Nelle più antiche iscrizioni, l’i. è segnata da una linea verticale o da tre punti l’uno sull’altro (talvolta da due); raro è l’uso di un punto solo; in età classica ed ellenistica le iscrizioni greche non avevano segni di interpunzione. Nelle iscrizioni latine è frequente l’uso del punto tra parola e parola; in quelle latine e greche di età più recente si trovano usate, senza regole precise, la foglia d’edera o la palmetta.
Nei codici, il sistema interpuntivo dell’antichità classica consisteva di tre positurae (ϑέσεις) o distinctiones: la subdistinctio, la media distinctio e la distinctio. Le tre positurae, chiamate poi pausationes e punctaturae, erano rappresentate da un unico segno, il punto, che variava nome e collocazione (accanto all’ultima lettera), secondo le positurae che doveva indicare: in basso, segnava la subdistinctio e si diceva comma; a mezzo, rappresentava la media distinctio e prendeva il nome di colon; in alto, esprimeva la distinctio e si chiamava periodos. Ai tre gradi d’interpunzione fanno riscontro i segni odierni: la virgola; il punto e virgola e il doppio punto; il punto fermo. Il sistema dell’antichità (che usava la scrittura maiuscola delle epigrafi, l’onciale, o la semionciale) passa al Medioevo che mantiene le tre positurae. Con la diffusione di tipi di scrittura minuscola, il comma fu raffigurato da un punto cui sovrasta una verghetta o virgola (.′); il colon, da un punctus planus (.); il periodos, da una barretta posta dopo un punto (. ∣), o da un ‘punto molteplice’ (. : :• :-).
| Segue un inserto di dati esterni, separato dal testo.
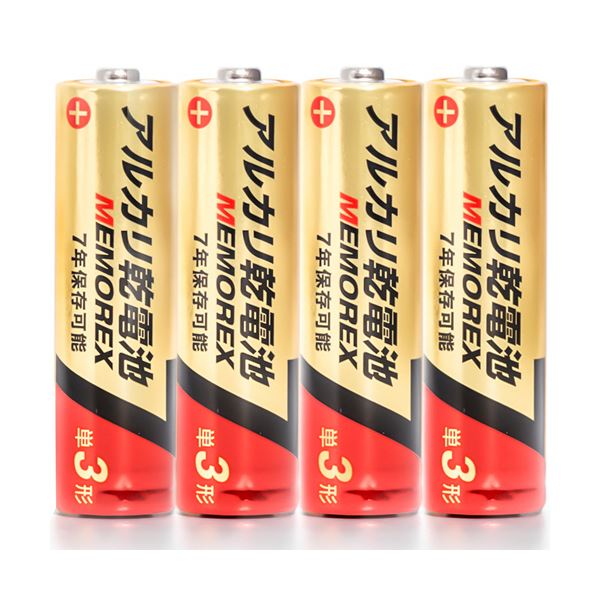 (まとめ）メモレックス・テレックス アルカリ乾電池単3形 LR6/1.5V 40S7 1パック（40本）〔×5セット〕 【北海道・沖縄・離島配送不可】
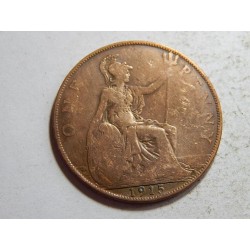 Great Britain 1 Penny 1915 F-VF č12604
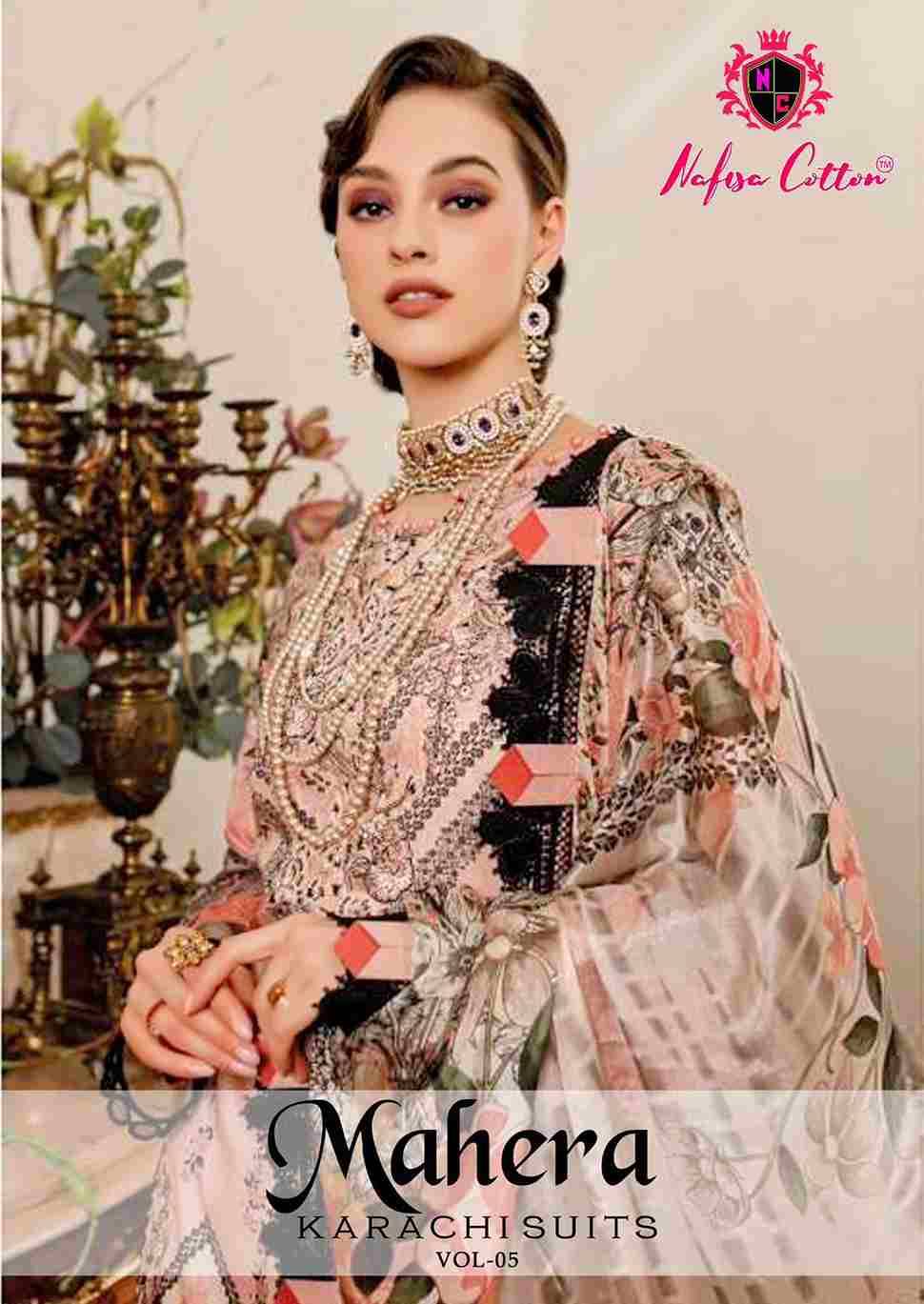 Mahera Vol-5 By Nafisa Cotton 5001 To 5006 Series Beautiful Festive Suits Stylish Fancy Colorful Casual Wear & Ethnic Wear Soft Cotton Print Dresses At Wholesale Price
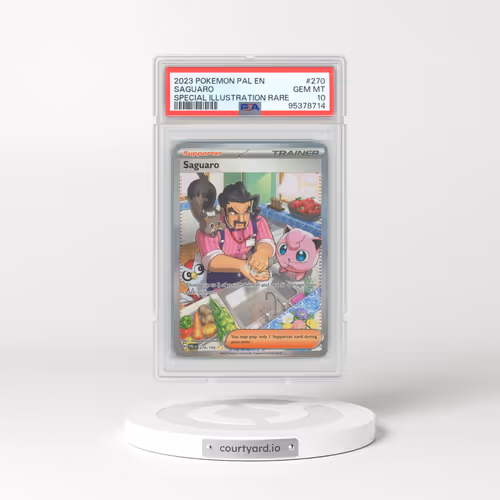 2023 Pokémon Pal EN-Paldea Evolved #270 Saguaro - Special Illustration Rare (PSA 10 GEM MINT)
Quest’uso sulla fine del Duecento subisce modificazioni per effetto dello studio, più ampio e approfondito, della grammatica e sintassi; i maestri bolognesi di ars dictandi (grammatici, notai e dettatori), nelle loro Summae, della fine del 13° sec. e dei primi del 14°, proposero metodi che si scostavano dal tipo consueto.
L’evoluzione del sistema interpuntivo appare completa nel commentario (14° sec.) all’Ars di Giovanni di Bonandrea, dove i punti sono divisi in sostanziali e accidentali: i sostanziali sono la virgola (,), il comma (.′), il colon (.), il periodos (:). Sono accidentali: il punto legittimo o doppio (..), che occupa il luogo del nome proprio, quando questo è ignorato da chi scrive; il semipunto (./ oppure =), il quale indica che una parola non è finita e continua nella linea successiva; l’interrogativo (?). A lungo si usò il punto fermo o l’interrogativo per l’esclamativo che si diffuse nella forma attuale dalla metà del Settecento.
Con l’invenzione della stampa il sistema interpuntivo acquistò regolarità per opera di scrittori (P. Bembo), trattatisti (O. Lombardelli, G. Vittori da Spello), tipografi (A. Manuzio, G. Giolito ecc.). Dal Cinquecento a tutto il Settecento l’i. è abbondante e retta da criteri logico-sintattici, in relazione al gusto per la costruzione architettonica del periodo, concepito come una rispondenza armonica dei vari membri, disposti simmetricamente o con rigorosa misura prospettica. L’i. nei poeti romantici obbedisce piuttosto a criteri stilistico-artistici, sottolineando i valori sentimentali del discorso, adeguandosi al sentimento nel suo vario determinarsi e fluire. I due criteri, logico e artistico, alla fine del 19° sec. tendono a fondersi.
La lingua letteraria più moderna è parca di segni interpuntivi, fa a meno dei più enfatici (l’esclamativo) e preferisce la semplice virgola ad altri segni più ‘architettonici’, come il punto e virgola e il doppio punto, conformemente alla sintassi non rigida e al gusto più analitico e frammentario.